Secrets Behind the Wall, de Koji Wakamatsu
Aunque mi libertad acabe donde empieza la del otro, mi cuerpo nunca termina de acabar donde empieza el del otro. La carne del mundo se expande hacia el infinito devorándolo todo mientras la nuestra propia se encuentra con la del otro; es imposible determinar donde acaba mi propio cuerpo porque, si estoy realmente conectado con el mundo, estoy siempre determinado por el cuerpo ajeno. Es por eso que si toda herramienta no es más que una extensión de mi propio cuerpo —porque somos de facto cyborgs; desde el móvil hasta el bastón, pasando por la ropa o el bolígrafo, nuestro cuerpo se expande artificialmente haciendo carne de los objetos del mundo — , los otros están perpetuamente entrando en contacto con nosotros: el otro me ve, me oye, me siente. Toda herramienta se convierte en una extensión de nuestro cuerpo, de nuestros órganos. Incluso algo tan (aparentemente) inocuo como la escritura se convierte en contacto íntimo con el otro; es imposible escapar del otro, del contacto con el otro, porque nuestros cuerpos están conectados en la pegajosa red de carne que llamamos mundo.
Sabiendo lo anterior, Koji Wakamatsu crearía la obra de toda una vida a través de la excitación de la carne del mundo. Literal y metafóricamente. Es por eso que pretender ver en él sólo un ejemplo más del incipiente pinku eiga es quedarse muy atrás de todo aquello que expone sus películas; Secrets Behind the Wall nos habla de los pequeños dramas cotidianos, del panóptico de frustración sostenido en el presente, de la necesidad eternamente postergada del contacto de la carne.
Los dramas cotidianos cristalizan en las inseguridades, los celos, la intimidad, la pasión y las rarezas: los pequeños momentos que dan sentido al nosotros que va más allá de un tú y yo. Los problemas de convivencia, pero también sus buenos momentos, las sospechas y las bromas dejan paso a las verdades y los frotamientos que pueden cristalizar tanto en sus más negativas vertientes como en los destellos de la positividad presupuesta a la misma. El panóptico de la frustración sostenido en el presente sería la necesidad tanto de vigilar al otro como de exhibirme a él: cuando algo falla en mi modo de relacionarme con el mundo, cuando mi convivencia con el otro no fluye de forma adecuada al quedar estancada en la incomunicación, mi única esperanza es vivir a través del otro. Una picante ropa interior se convierte en un modo de hacerme ver por el otro — unos prismáticos se convierten en un modo de vislumbrar al otro: en ambos casos se trata de encontrar la satisfacción en el otro a través de herramientas, a través de aquello que extiende nuestra capacidad de conexión con la carne del mundo. La necesidad eternamente postergada del contacto de la carne es sólo la consecuencia de lo anterior, la frustración que se da cuando nuestra propia incapacidad nos lleva a estar cada vez más alejados de ese contacto o, incluso, a distorsionarlo —he aquí la confusión que se da entre eros y thanatos desde Freud: la frustración de lo sexual nos hace confundirlo con lo mortífero, creyendo querer herir aquello que en realidad deseamos pero no sabemos como conseguir conectar con nosotros — .

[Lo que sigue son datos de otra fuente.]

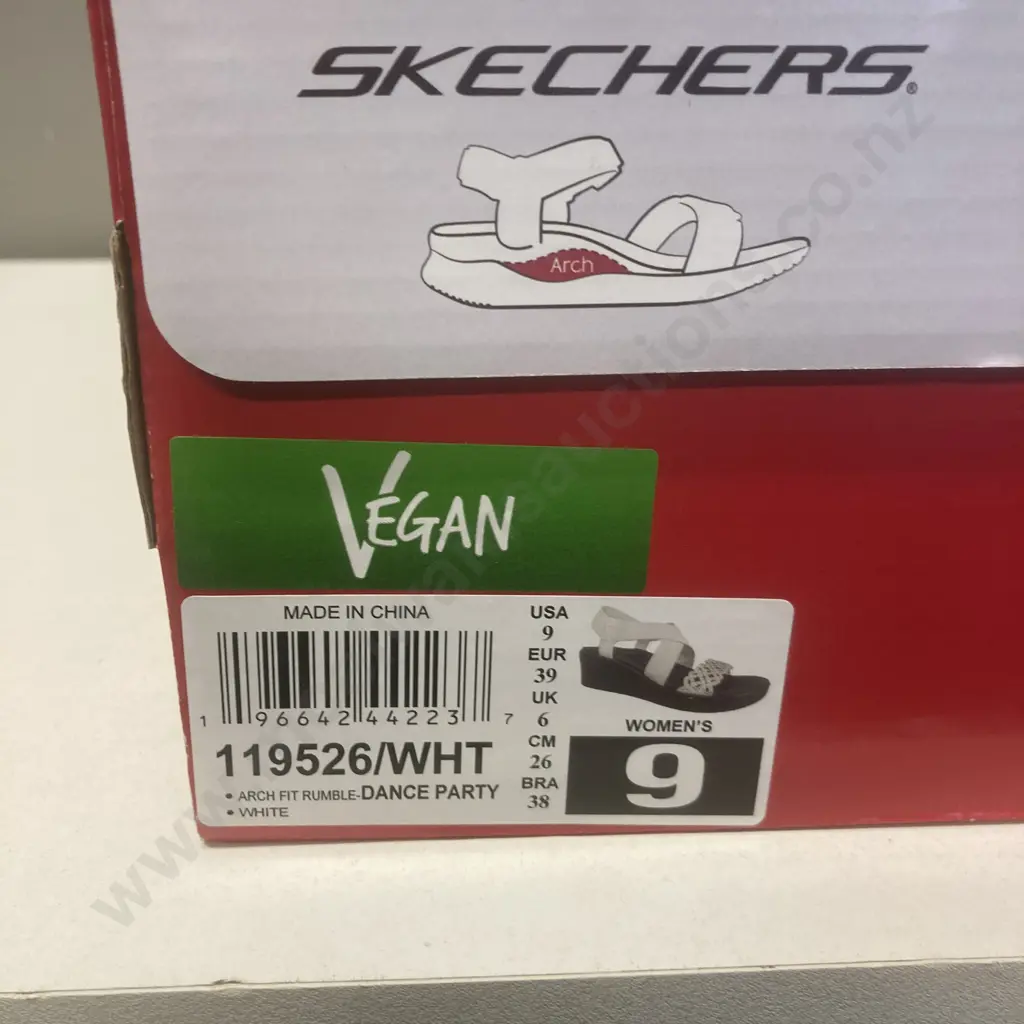 New Skechers Beverlee Wedge Casual Outing, Black, Sz UK6, USA 9 Image 1++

Es por ello que, lo que a priori no es más que un pinku eiga con toques criminales, en manos de Koji Wakamatsu se convierte en una posición foucaultiana al respecto de la propia vida, del cuidado de sí. La carne se convierte en una posición socio-política. Los amantes follando ante la atenta mirada de Iósif Vissariónovich Stalin representa esa revolución en la cual no importa los defectos del otro, sean en su piel o en su estado civil actual, el principio político por el cual sólo soy diferente al otro en la medida que no he penetrado lo suficientemente profundo en él. En el fluir existencial, todos somos carne. Es por eso aquí el sexo, la liberación del sexo, es una postura política: los activistas, los terroristas, los concienciados, son aquellos que follan (mucho y bien) haciendo de sus diferencias aquello que aman del otro; los acomodados, los aburguesados, los que no se cuestionan el presente, son aquellos que no follan y deben conducir su frustración a través de intentar destruir al otro. Los primeros se conducen en el sexo y en la muerte por caminos paralelos que andar, los segundos confunden ambos caminos en una misma plaza donde habitar.
En Koji Wakamatsu la carne, y más explícitamente el sexo, se convierte en una herramienta política a través de la cual se puede comprender como interactuamos y nos conectamos con el mundo. Por ello todo terrorista siempre lo es primero del deseo propio, pues sólo aquel hombre que es capaz de dinamitar la sexualidad freudiana dominante será capaz de comenzar una auténtica revolución en el mundo.